KU looking at ways to maintain affordability

As President Barack Obama continues to tout new policies designed to keep college costs down, Kansas University’s provost said the university is undertaking its own measures.

The president outlined his proposals in his recent State of the Union speech and in other speeches and news accounts afterward.

“We are putting colleges on notice — you can’t keep — you can’t assume that you’ll just jack up tuition every single year,” Obama said in a speech last week at the University of Michigan. “If you can’t stop tuition from going up, then the funding you get from taxpayers each year will go down.”

So far, details of specific proposals haven’t been distributed. The New York Times reported the president was calling for an increase of available funds for federal Perkins loans to $8 billion from the current $1 billion. Also, he wants to create a competition similar to a “Race to the Top” program for elementary and secondary education, where states that keep costs down are rewarded and another $55 million competition for individual colleges to increase their value and efficiency, the Times reported.

Another reported change would require colleges and universities to offer a “shopping sheet” with information about financial aid, and offering post-graduate earning and employment information.

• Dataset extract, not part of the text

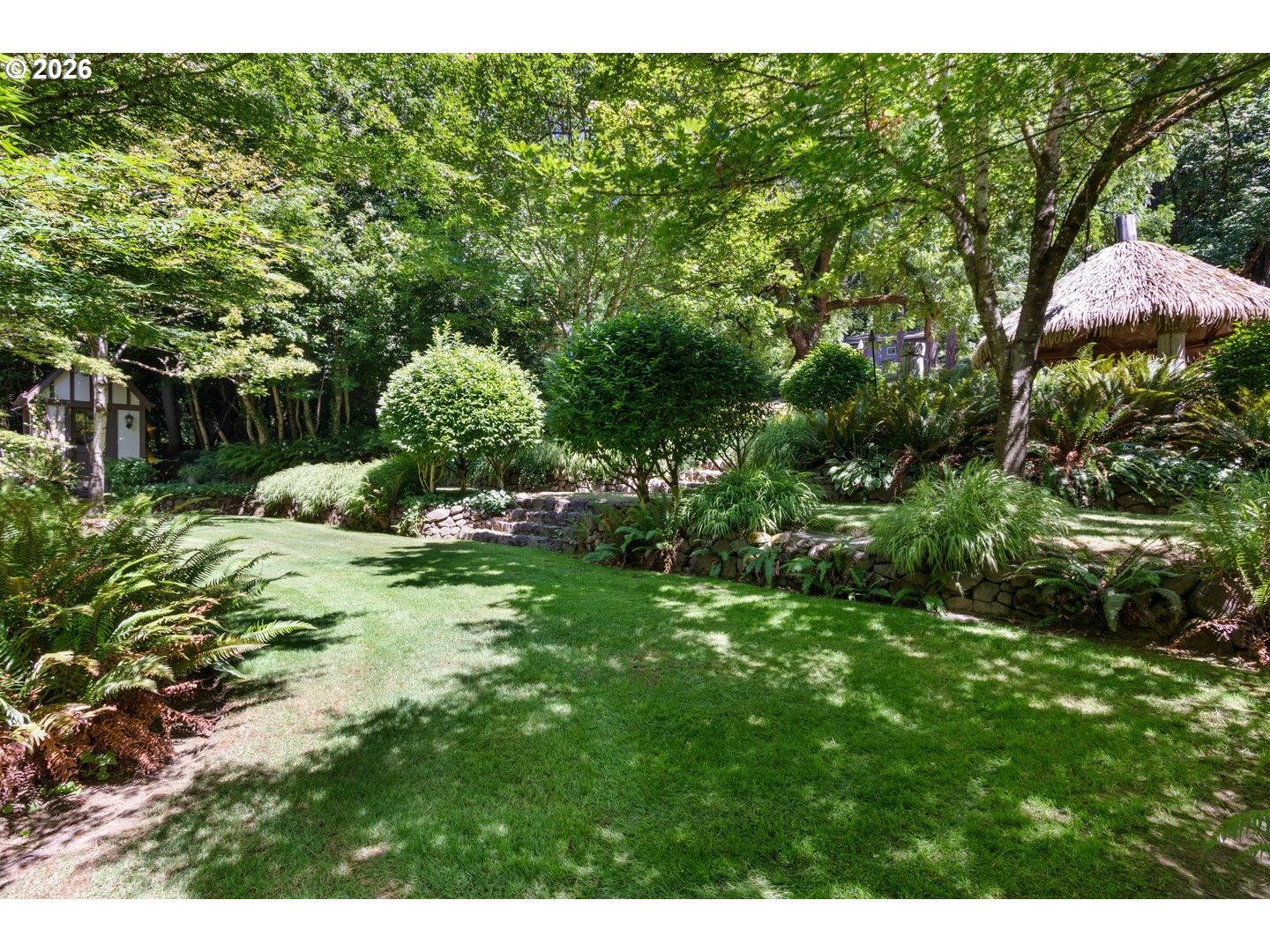 4300 Pacific Way Longview, WA 98632 - Photo 23 of 33 a backyard of a house with lots of green space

If passed into law, the effect those proposals might have on a university like KU remains to be seen.

Tuition at KU continues to increase each year, but KU Provost Jeff Vitter said the university is working on ways to help people afford college.

The university is pursuing agreements with community colleges to work on better ways to help people transition from two-year schools (with much lower tuition costs) to KU. KU is working to improve its retention and graduation rates, Vitter said.

“If you graduate in four years, and on time, that saves money,” he said.

Vitter said KU’s tuition and fees — just more than $9,200 per year for an incoming Kansas freshman this year and around $22,500 for a nonresident freshman — were among the lowest of KU’s peers in the Association of American Universities.

“We are very much committed to keeping the KU education affordable,” Vitter said. “And if you look at what it provides, it’s an amazing bargain.”

It’s a challenging environment, too, he said, as other institutions are taking federal grant and loan dollars.

“We’ve had a lot of issues with for-profit institutions using these resources in ways that have not been productive,” Vitter said. “That’s a real problem.”

Two KU social welfare professors are researching another potential way to alleviate the college affordability issue: publicly subsidized savings accounts for children.

William Elliott III and Deborah Adams recommend taking $3 billion from the Perkins program and using it to establish a program where public funds would match money contributed by families, charities and organizations for an individual child’s account.

“We have a student loan debt problem,” Elliott said, suggesting that other measures should supplement a student loan.

The savings account proposal would match Obama’s aims, too, Adams said.

“I don’t think these tools are divergent; I think they’re complementary,” she said.

Of course, she said, getting such a proposal through Congress — as with anything — could be a difficult fight.